Until a security officer goes one step too far. She asks my daughter to hand over Pink Bear.

“No way!” Maddie says defiantly. My four-foot ballerina/student-of-the-month clutches her bear tightly, lip quivering in her first deliberate stand against authority, “You can’t have Pink Bear. He’s my best friend!”

The officer looks to me to intervene, “You can wipe him for residue, but I assure you all you’ll find is eight years of dust mites and Cheerio crumbs, and I am not making her give up her favorite, irreplaceable toy.” The line of weary, anxious travelers is growing longer and more restless behind us, but those closest are rooting Maddie on. “Let the child keep her stuffy!” “This is ridiculous! Where is the threat in a little bear?”
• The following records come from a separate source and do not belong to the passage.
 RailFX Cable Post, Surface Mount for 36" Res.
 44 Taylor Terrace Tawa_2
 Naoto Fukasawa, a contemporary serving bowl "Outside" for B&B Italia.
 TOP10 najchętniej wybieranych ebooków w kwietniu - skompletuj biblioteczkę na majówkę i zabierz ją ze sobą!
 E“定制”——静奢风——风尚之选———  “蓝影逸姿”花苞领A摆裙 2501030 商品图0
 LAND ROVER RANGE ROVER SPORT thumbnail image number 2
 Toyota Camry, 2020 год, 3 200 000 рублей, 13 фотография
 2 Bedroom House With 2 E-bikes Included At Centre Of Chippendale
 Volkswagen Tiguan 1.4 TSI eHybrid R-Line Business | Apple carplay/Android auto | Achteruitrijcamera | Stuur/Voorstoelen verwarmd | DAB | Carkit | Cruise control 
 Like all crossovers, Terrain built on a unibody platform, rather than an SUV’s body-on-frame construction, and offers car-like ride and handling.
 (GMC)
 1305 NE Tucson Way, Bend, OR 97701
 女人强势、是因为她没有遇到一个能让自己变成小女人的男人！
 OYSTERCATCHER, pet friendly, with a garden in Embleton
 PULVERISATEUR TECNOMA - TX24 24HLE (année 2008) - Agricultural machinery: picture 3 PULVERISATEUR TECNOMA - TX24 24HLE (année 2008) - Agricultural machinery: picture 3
Maddie looks up at me with tears in her eyes as the officer huddles with her superiors and I squeeze her hand in assurance. The officer returns saying that if Pink Bear goes through the scanner, he can go to America with us. Maddie agrees and is reunited after her friend is scanned and squeezed and wanded as if he were made of explosive beans.

Jack and Chris are still in the “Men and Boys line.” By the time they get to the magnetometers, word that small monkeys are allowed must have gotten to security because Swinger makes it through with limited fuss.

Eight hours later, with the airport scrambling to provide whatever food and beverages they can to the thousands of stressed travelers, we finally board our British Airways flight to Los Angeles.

No one has anything with them. Kids are restless. Babies cry for eleven hours straight. There are no pens to fill out customs forms. When we land, water bottles are passed out as we disembark. Unbeknownst to us, this is hydration for the next long waiting period. Ours is the only international plane allowed into the US that day, yet the Customs line is slow. No one has a phone with which to call loved ones to pick them up. The line for the two pay phones in the Tom Bradley Terminal stretches the length of the entire baggage claim and no one has change. Calls have to be collect, IF people can even remember the number they want to call.

As our luggage finally comes down the conveyor belt, a man in a rumpled tailored suit who was clearly used to flying first class declares “I will never fly commercial again!” I wish I had that choice.

It’s been 28 hours from when I filled our carry-ons in Milan to when Pink Bear’s head finally rests safely on his sister’s pillow in Burbank. He seems unfazed, his black button eyes open and ready for the next adventure.


As told at Story Salon on April 5, 2023.